(Required work) Look through the data below for the line with "Collier En Acier", and transcribe it exactly together with each line after it up to and including the line with "PINK FLORAL PRINTED TOP WITH SKIRT AND POTLI". Give nothing else.

(The data)
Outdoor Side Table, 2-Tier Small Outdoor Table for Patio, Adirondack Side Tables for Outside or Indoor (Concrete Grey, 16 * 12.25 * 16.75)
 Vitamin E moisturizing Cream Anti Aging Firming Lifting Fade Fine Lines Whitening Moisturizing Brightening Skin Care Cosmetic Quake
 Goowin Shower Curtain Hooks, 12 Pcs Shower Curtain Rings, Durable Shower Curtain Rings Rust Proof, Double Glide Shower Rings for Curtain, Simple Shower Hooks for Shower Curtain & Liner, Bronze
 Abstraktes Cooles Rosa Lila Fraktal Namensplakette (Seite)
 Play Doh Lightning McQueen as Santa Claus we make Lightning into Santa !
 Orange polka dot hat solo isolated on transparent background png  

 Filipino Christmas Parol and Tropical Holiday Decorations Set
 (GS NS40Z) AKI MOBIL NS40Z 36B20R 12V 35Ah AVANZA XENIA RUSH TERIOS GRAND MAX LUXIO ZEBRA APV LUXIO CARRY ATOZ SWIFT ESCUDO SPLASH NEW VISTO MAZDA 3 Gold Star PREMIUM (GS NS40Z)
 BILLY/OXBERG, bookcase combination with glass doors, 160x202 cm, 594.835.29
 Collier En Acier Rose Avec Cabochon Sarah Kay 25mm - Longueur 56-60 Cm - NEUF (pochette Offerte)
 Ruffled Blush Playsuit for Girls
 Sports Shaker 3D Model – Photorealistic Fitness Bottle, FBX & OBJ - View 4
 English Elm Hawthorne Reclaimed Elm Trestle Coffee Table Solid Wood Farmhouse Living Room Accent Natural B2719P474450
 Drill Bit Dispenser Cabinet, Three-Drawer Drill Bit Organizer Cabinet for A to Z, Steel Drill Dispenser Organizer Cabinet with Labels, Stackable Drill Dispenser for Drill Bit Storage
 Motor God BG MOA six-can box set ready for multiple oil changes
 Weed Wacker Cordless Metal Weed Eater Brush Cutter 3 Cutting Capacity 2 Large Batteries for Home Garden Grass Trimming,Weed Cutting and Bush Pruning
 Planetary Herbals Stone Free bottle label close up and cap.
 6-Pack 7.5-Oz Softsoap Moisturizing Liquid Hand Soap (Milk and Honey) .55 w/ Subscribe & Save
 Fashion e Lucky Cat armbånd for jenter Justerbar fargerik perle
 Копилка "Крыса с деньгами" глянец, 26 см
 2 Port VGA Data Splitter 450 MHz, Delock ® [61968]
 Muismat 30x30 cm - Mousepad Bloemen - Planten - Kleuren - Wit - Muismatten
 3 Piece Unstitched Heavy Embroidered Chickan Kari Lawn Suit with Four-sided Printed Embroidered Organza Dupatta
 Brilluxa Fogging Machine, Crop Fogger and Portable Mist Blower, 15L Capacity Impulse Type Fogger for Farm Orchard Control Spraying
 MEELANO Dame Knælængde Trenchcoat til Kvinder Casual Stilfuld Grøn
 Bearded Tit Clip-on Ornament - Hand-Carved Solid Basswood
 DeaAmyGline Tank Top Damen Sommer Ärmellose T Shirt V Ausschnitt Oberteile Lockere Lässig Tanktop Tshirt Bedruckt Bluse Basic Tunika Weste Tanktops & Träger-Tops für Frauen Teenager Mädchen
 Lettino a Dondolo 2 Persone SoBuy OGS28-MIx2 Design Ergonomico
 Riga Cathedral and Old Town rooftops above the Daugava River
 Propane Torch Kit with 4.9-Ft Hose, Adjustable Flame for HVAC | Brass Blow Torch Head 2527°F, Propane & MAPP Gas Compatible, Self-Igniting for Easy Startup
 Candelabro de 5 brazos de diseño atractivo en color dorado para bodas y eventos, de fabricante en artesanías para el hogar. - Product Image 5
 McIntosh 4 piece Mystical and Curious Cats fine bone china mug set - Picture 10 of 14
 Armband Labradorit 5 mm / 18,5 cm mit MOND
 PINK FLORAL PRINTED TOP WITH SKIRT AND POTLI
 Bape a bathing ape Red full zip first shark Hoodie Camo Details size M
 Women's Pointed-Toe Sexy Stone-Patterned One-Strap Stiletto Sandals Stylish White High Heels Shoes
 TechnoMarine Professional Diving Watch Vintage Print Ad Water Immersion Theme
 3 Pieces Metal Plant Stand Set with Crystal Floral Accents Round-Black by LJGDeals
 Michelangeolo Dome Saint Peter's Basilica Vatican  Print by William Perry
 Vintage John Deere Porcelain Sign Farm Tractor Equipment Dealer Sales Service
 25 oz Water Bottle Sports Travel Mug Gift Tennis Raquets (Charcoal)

(Task result)
 Collier En Acier Rose Avec Cabochon Sarah Kay 25mm - Longueur 56-60 Cm - NEUF (pochette Offerte)
 Ruffled Blush Playsuit for Girls
 Sports Shaker 3D Model – Photorealistic Fitness Bottle, FBX & OBJ - View 4
 English Elm Hawthorne Reclaimed Elm Trestle Coffee Table Solid Wood Farmhouse Living Room Accent Natural B2719P474450
 Drill Bit Dispenser Cabinet, Three-Drawer Drill Bit Organizer Cabinet for A to Z, Steel Drill Dispenser Organizer Cabinet with Labels, Stackable Drill Dispenser for Drill Bit Storage
 Motor God BG MOA six-can box set ready for multiple oil changes
 Weed Wacker Cordless Metal Weed Eater Brush Cutter 3 Cutting Capacity 2 Large Batteries for Home Garden Grass Trimming,Weed Cutting and Bush Pruning
 Planetary Herbals Stone Free bottle label close up and cap.
 6-Pack 7.5-Oz Softsoap Moisturizing Liquid Hand Soap (Milk and Honey) .55 w/ Subscribe & Save
 Fashion e Lucky Cat armbånd for jenter Justerbar fargerik perle
 Копилка "Крыса с деньгами" глянец, 26 см
 2 Port VGA Data Splitter 450 MHz, Delock ® [61968]
 Muismat 30x30 cm - Mousepad Bloemen - Planten - Kleuren - Wit - Muismatten
 3 Piece Unstitched Heavy Embroidered Chickan Kari Lawn Suit with Four-sided Printed Embroidered Organza Dupatta
 Brilluxa Fogging Machine, Crop Fogger and Portable Mist Blower, 15L Capacity Impulse Type Fogger for Farm Orchard Control Spraying
 MEELANO Dame Knælængde Trenchcoat til Kvinder Casual Stilfuld Grøn
 Bearded Tit Clip-on Ornament - Hand-Carved Solid Basswood
 DeaAmyGline Tank Top Damen Sommer Ärmellose T Shirt V Ausschnitt Oberteile Lockere Lässig Tanktop Tshirt Bedruckt Bluse Basic Tunika Weste Tanktops & Träger-Tops für Frauen Teenager Mädchen
 Lettino a Dondolo 2 Persone SoBuy OGS28-MIx2 Design Ergonomico
 Riga Cathedral and Old Town rooftops above the Daugava River
 Propane Torch Kit with 4.9-Ft Hose, Adjustable Flame for HVAC | Brass Blow Torch Head 2527°F, Propane & MAPP Gas Compatible, Self-Igniting for Easy Startup
 Candelabro de 5 brazos de diseño atractivo en color dorado para bodas y eventos, de fabricante en artesanías para el hogar. - Product Image 5
 McIntosh 4 piece Mystical and Curious Cats fine bone china mug set - Picture 10 of 14
 Armband Labradorit 5 mm / 18,5 cm mit MOND
 PINK FLORAL PRINTED TOP WITH SKIRT AND POTLI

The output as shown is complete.